▶ [What you are asked to do] The required output is the stretch from the line containing "Photo of property" through the line containing "el equipo Gabriel" in the records below, unaltered and with no pictures.

▶ [Extracted records]
══════════════════════════════
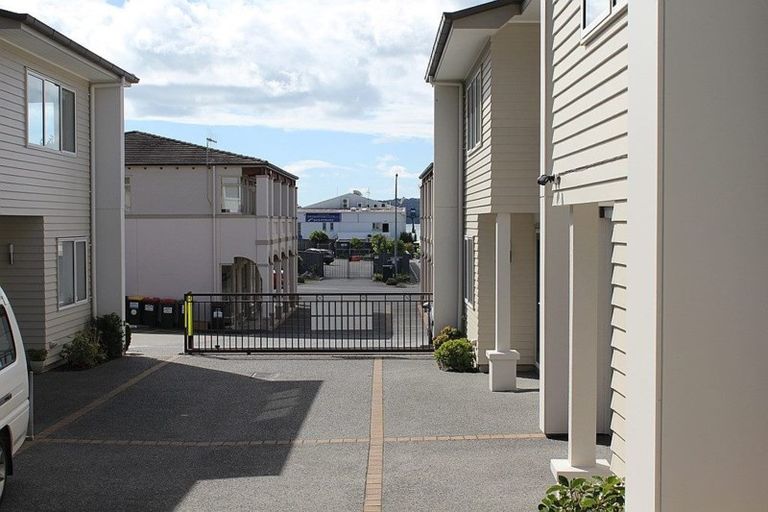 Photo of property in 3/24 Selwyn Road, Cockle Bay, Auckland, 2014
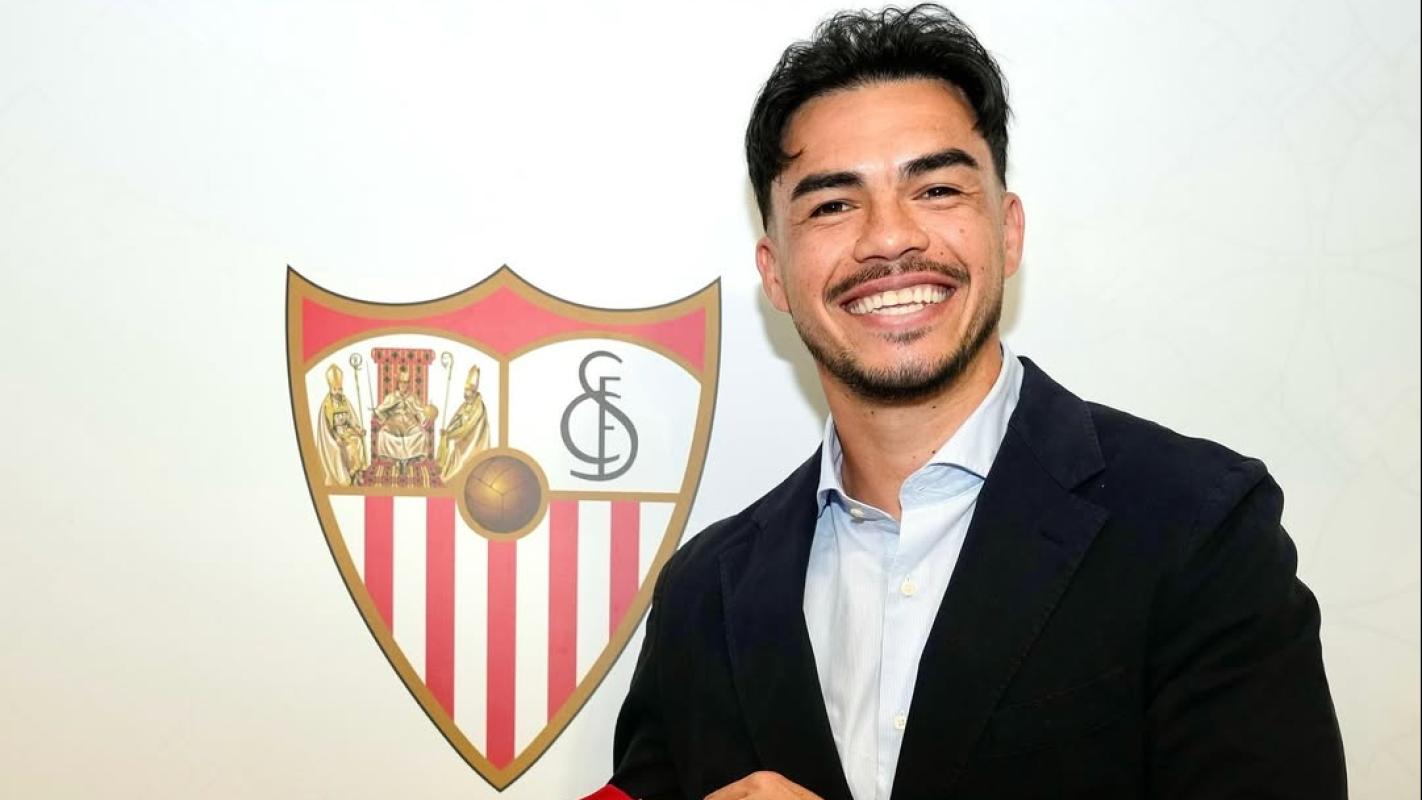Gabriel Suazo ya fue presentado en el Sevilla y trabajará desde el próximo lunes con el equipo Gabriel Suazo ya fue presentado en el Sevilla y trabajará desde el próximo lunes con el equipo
══════════════════════════════
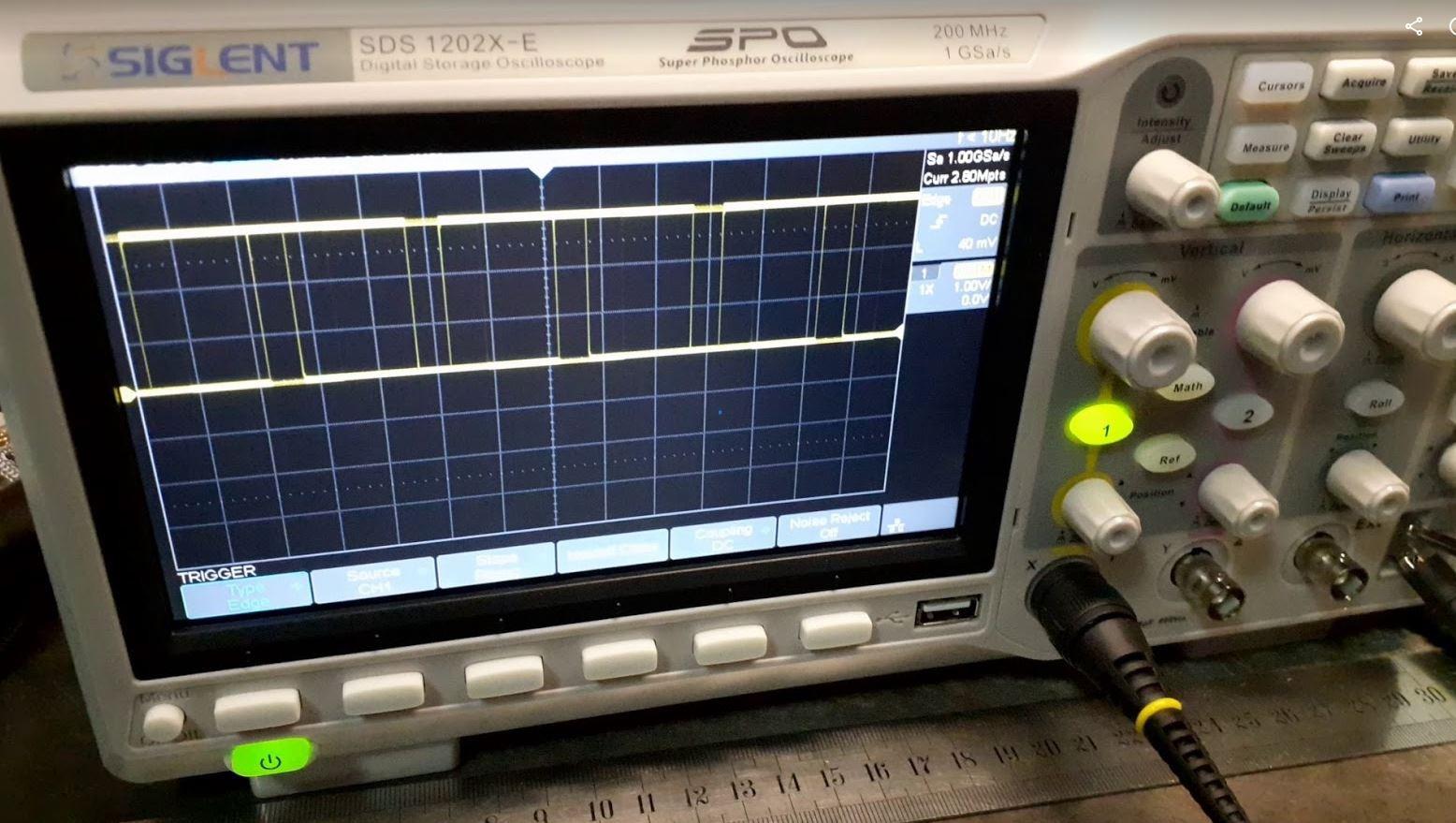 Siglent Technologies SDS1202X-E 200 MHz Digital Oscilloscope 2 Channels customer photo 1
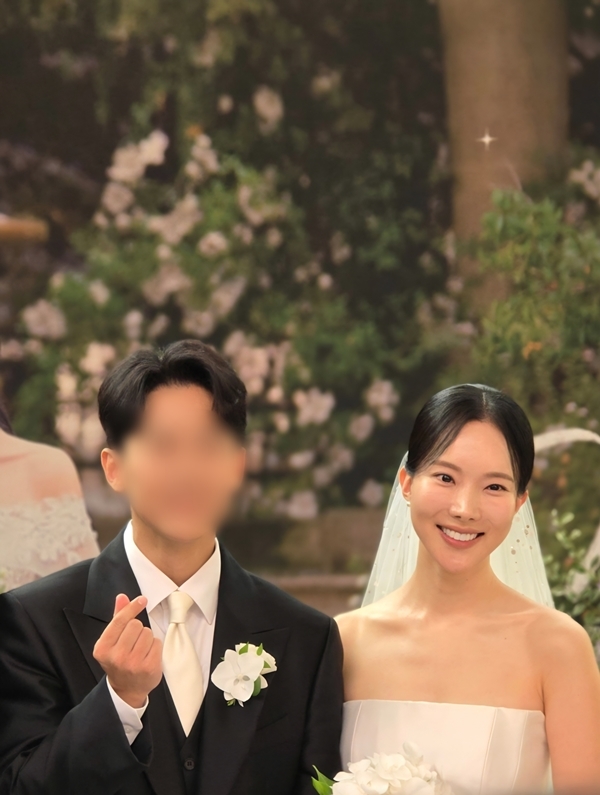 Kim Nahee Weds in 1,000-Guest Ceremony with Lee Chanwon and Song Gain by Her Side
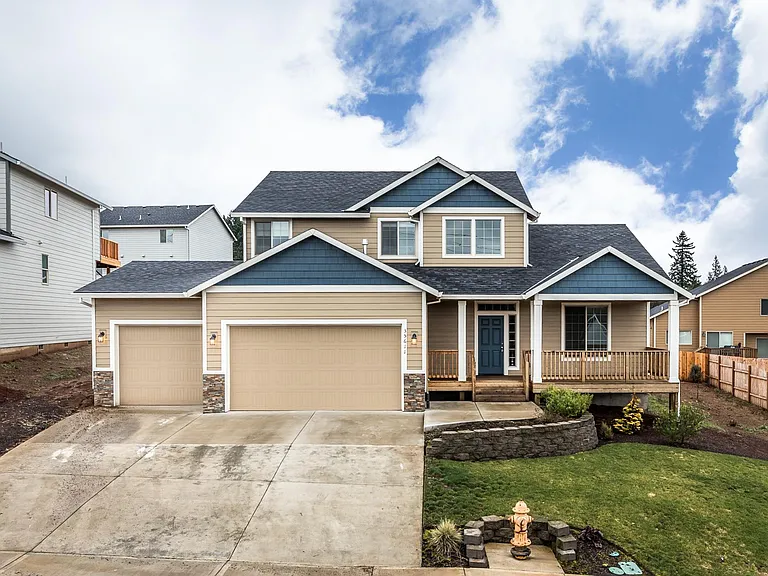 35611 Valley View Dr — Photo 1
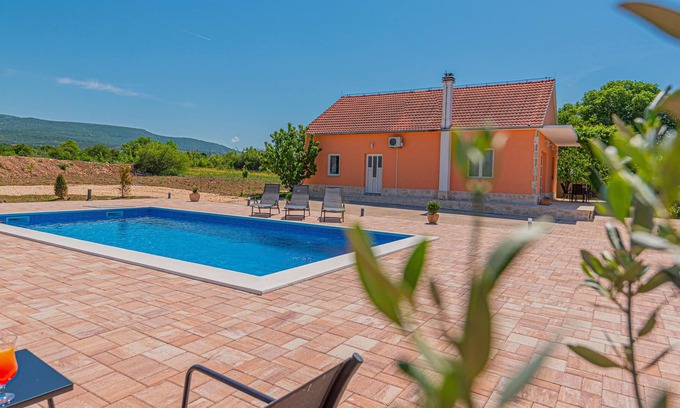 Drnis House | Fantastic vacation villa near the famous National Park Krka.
══════════════════════════════
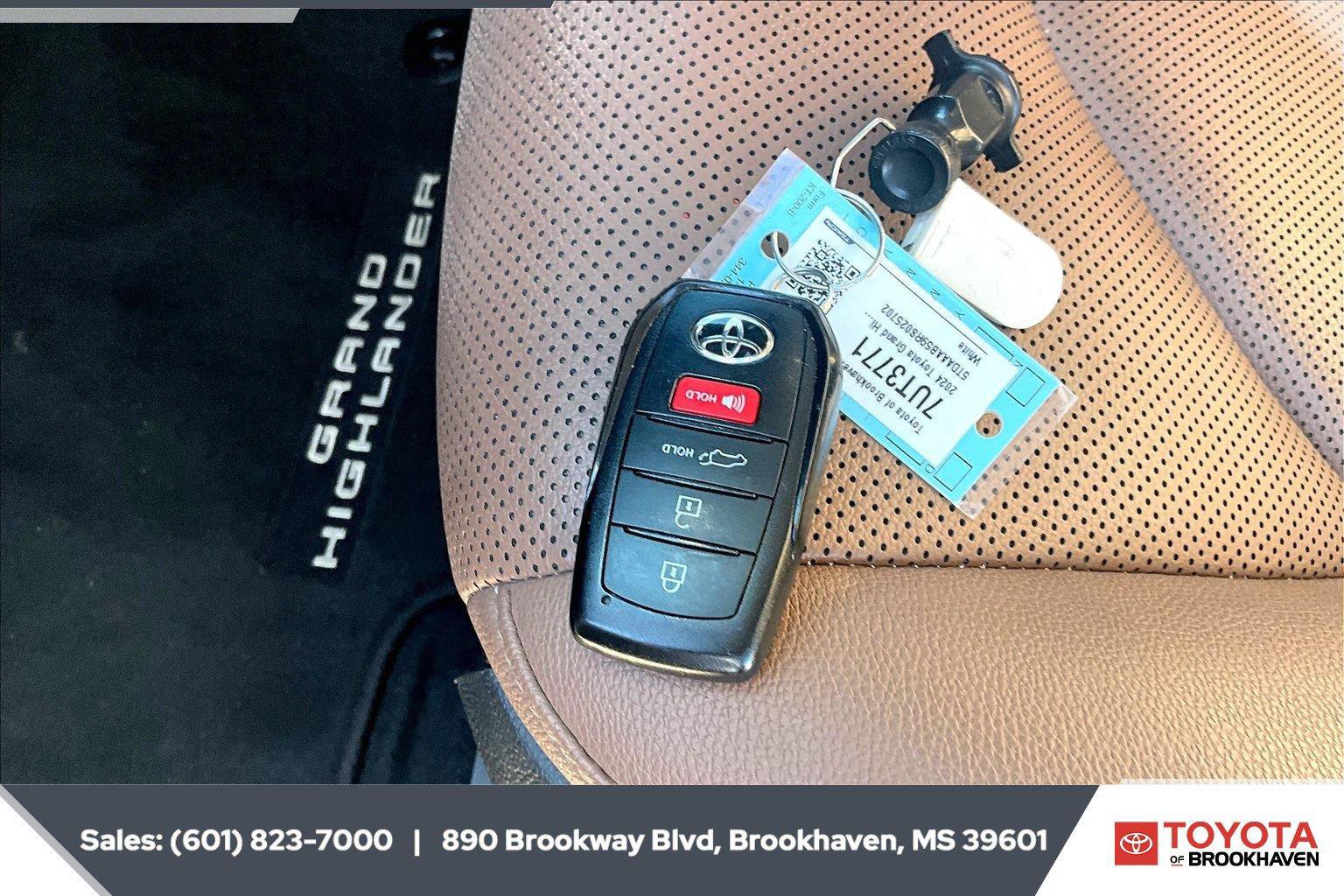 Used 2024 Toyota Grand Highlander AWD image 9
══════════════════════════════
▶ [Task solution]
 Photo of property in 3/24 Selwyn Road, Cockle Bay, Auckland, 2014
Gabriel Suazo ya fue presentado en el Sevilla y trabajará desde el próximo lunes con el equipo Gabriel Suazo ya fue presentado en el Sevilla y trabajará desde el próximo lunes con el equipo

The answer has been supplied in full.